Abstract Body: Background: Ischemic stroke remains a major cause of mortality and disability, significantly affecting patient quality of life despite advancements in treatment. Analysis of electroencephalogram (EEG) is crucial for assessing brain activity, offering insights into different physiological states. While ischemic stroke induces notable changes in EEG signals, the specific patterns and their implications are not fully understood. Here, we use the Hilbert-Huang transform (HHT) to analyze the EEG signal before, during, and after ischemic stroke in rats.

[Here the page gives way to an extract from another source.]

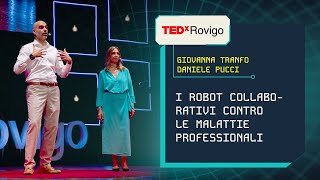 Robot Collaborativi contro le Malattie Professionali  Giovanna Tranfo amp Daniele Pucci  TEDxRovigo [upl. by Ileyan]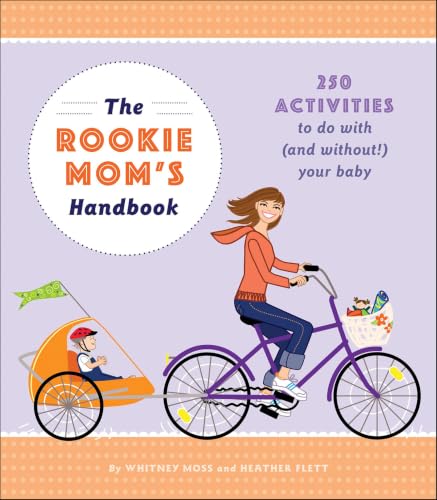 The Rookie Mom's Handbook:250...with (and without!) Your Baby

Methods: The standard intraluminal filament middle cerebral artery (MCA) occlusion model was used to induce ischemic stroke in 16 male Sprague Dawley rats (8-10 weeks old). A suture was advanced into the internal carotid artery to occlude the MCA for 1 hour, followed by 3 hours of reperfusion (Fig. 1). Cerebral infarction was confirmed post-surgery using TTC staining technique. EEG signals were continuously recorded throughout the procedure. We applied the Hilbert-Huang Transform (HHT) to analyze the EEG signals. HHT involves two main steps: 1) empirical mode decomposition (EMD), to decompose the EEG signal into a set of intrinsic mode functions (IMF); 2) the Hilbert Transform, which is applied to each IMF to obtain analytic signals. These analytic signals are represented in the complex plane, where they often exhibit circular or elliptical forms (Fig. 2). The area of these circles in the complex plane reflects unique information on variations in the signal properties. We computed the HHT area metric for the first 4 IMFs at three timepoints: baseline, 1 hour post-MCA occlusion (pre-reperfusion), and 3 hours post-reperfusion. 2-minute EEG recordings were used at each timepoint for the HHT analysis.

Results and Conclusions: Significant changes (P<0.05) were observed in the HHT area metric after the ischemic stroke occurrence (Fig. 3). For all IMFs, the HHT area metric reduced significantly from baseline to pre-MCA-reperfusion. However, it increased significantly from pre-MCA-reperfusion to 3 hours post-reperfusion. Comparing the baseline with post-reperfusion timepoint, significant reduction was still observed. Our results showed for the first time that the HHT can effectively analyze EEG signals to capture changes induced by ischemic stroke. Our new finding highlights the potential of HHT in providing insights into stroke-related changes in EEG, offering a valuable tool for detection or monitoring ischemic stroke.